分かりやすくしてるとはいっても、やっぱり原作で補完しないと難しい作品かもしれない。
クライマックスではそれぞれの思惑が交錯してけっこうややこしいことになってるし、ラストとエンドロール後の解釈とかもそうだ。
Mの本名が何なのか明かされるだけでCパートの展開はもっと面白くなるんだけど、映画版ではそのことに触れないどころかむしろその設定捨ててるような気さえしてモヤモヤしてしまった。
「ホームズお前笑ってるけど実はワトソンはな…!」って言いたくなってしまう(笑)
「屍者の帝国」というタイトルから感じられる「狂気」もさほどゾクゾクするものはなかったのではないだろうか?
グロテスクな部分もあるにはあるが…。
(ただ、カラマーゾフたちの晩餐の風景はなかなかに怖かった)
個人的には、全員が全員屍者化したら世界はどうなるのか、希望も絶望もない、静かな無意識に世界が満たされるならそれはひとつの幸福な世界の実現ではないのかというテーマを、もっともっと掘り下げてほしかった。
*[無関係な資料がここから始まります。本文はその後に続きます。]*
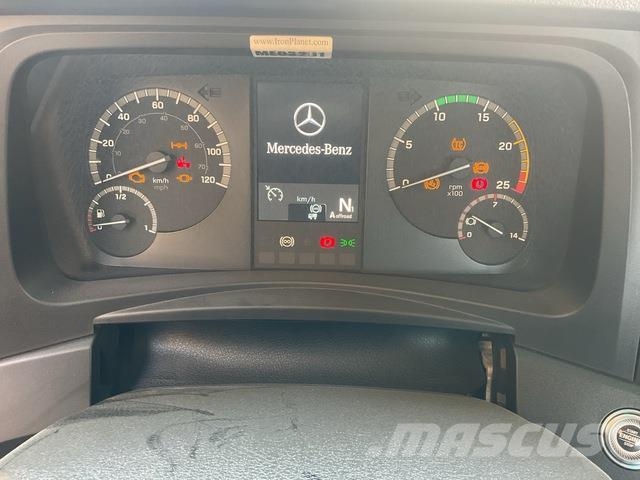 Mercedes-Benz Arocs 4240 キャブ付きシャーシ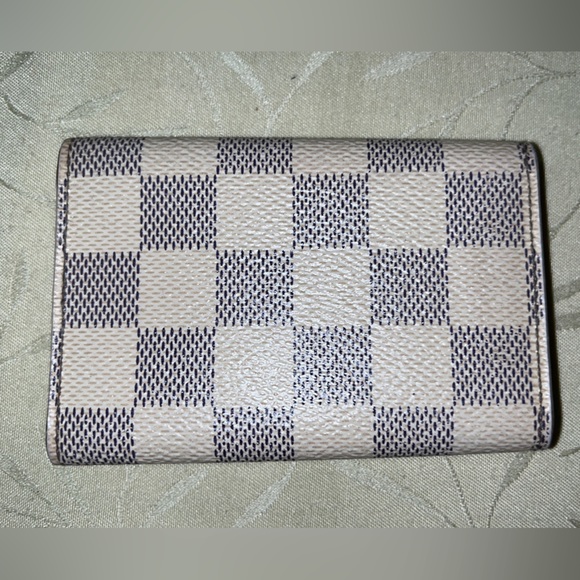 Louis Vuitton Damier Azur 6 Key Holder - Picture 2 of 16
そして記録者としてのフライデーについても、この物語がフライデーの記録によるものという印象はほとんど感じられない。
これらについても「わかりやすさ」を求めたのか、あまり踏み込まずにサラッと描くに留めている。
文句ばかりになってしまったが、この作品を楽しむ方法もひとつ見つけた。
それは、ワトソンとフライデーを原作の著者・円城塔と伊藤計劃に置き換えて見ることである。
早世した伊藤計劃(フライデー)が遺した書きかけの物語(21グラムの魂)、残された盟友・円城塔(ワトソン)がその完成形(「屍者の帝国」の完成)を追い求める物語と捉えると、なんだかとてもしっくりくる。
これは、ワトソンとフライデーを親友という設定に変えたからできる見方だ。
「求めたのは、21グラムの魂と君の言葉」
劇場アニメ「屍者の帝国」は、フライデー(伊藤計劃)の言葉を求めてあがくワトソン(円城塔)の物語だった。